The influential chairman of the Senate Foreign Relations Committee, Richard G. Lugar (R) of Indiana, says he is reluctant to go along with additional sanctions.
``I know a lot of people want sanctions just to show moral outrage,'' Senator Lugar says. ``The question is whether there's anything better diplomatically or economically to move South Africa away from apartheid.'' Mr. Lugar plans hearings next month on alternatives to sanctions.
Reagan administration officials, led by Secretary of State George P. Shultz, have recently denounced apartheid in stronger terms than ever before. But despite the tough language, White House officials continue to reject sanctions as an indiscriminate instrument that would hurt blacks more than whites and produce even deeper intransigence in Pretoria.
Many experts say that only a dramatic increase in violence in South Africa would prod the administration toward a more activist policy toward apartheid.
Meanwhile, the escalating pattern of violence and repression in South Africa last week prompted public warnings from members of a Commonwealth study group. The group warned that the ``worst bloodbath since the Second World War'' could result from Pretoria's ``obstinacy and intransigence'' in refusing to dismantle the apartheid system.
Analysts say the report, together with calls for increased economic pressure on Pretoria expected from meetings of UN officials and West European foreign ministers this week in Paris, will increase pressure on the US to take a harder line toward South Africa.
Moreover, the stance taken by British Prime Minister Margaret Thatcher could influence President Reagan.

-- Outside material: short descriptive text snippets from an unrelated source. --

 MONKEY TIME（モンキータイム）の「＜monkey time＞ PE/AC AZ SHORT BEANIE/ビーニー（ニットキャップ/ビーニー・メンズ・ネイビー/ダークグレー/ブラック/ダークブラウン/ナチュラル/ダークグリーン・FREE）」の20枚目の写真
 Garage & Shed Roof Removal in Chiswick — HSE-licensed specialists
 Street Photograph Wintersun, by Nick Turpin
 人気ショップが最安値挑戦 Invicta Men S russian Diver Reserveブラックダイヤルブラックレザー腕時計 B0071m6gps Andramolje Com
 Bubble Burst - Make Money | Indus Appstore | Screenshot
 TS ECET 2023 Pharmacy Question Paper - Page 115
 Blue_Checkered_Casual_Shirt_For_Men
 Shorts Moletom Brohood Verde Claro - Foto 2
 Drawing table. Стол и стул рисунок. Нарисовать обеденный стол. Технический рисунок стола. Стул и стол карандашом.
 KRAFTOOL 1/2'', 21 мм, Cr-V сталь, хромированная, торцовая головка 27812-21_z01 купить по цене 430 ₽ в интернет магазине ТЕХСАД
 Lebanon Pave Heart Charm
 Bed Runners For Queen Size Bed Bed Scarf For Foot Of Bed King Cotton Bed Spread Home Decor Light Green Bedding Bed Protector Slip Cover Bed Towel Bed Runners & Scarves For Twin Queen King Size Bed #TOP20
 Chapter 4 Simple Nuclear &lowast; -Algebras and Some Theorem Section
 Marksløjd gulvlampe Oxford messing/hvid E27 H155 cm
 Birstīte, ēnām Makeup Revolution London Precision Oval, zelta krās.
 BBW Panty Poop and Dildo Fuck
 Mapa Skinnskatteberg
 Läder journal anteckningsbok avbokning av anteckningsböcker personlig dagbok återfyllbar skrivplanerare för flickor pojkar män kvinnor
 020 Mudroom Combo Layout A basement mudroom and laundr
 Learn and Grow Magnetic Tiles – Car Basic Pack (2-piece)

With more than $9 billion in British investment in South Africa and thousands of jobs in Britain dependent on trade with Pretoria, Mrs. Thatcher has so far been reluctant to support economic sanctions.
But as British companies quietly begin to disengage from South Africa in response to increased violence and a downward spiral in the value of the South African rand, opposition in her government to tough new economic measures could decrease. In addition, Thatcher will face strong pressure for sanctions when a special Commonwealth meeting convenes in August to consider the group's report.
Analysts say that if Britain does shift policy, this could give the Reagan administration just the excuse it needs to sponsor or accede gracefully to new sanctions.
``Given the Thatcher government's contacts with conservatives in this country, that might ease conservative opposition to sanctions,'' Carol Lancaster says.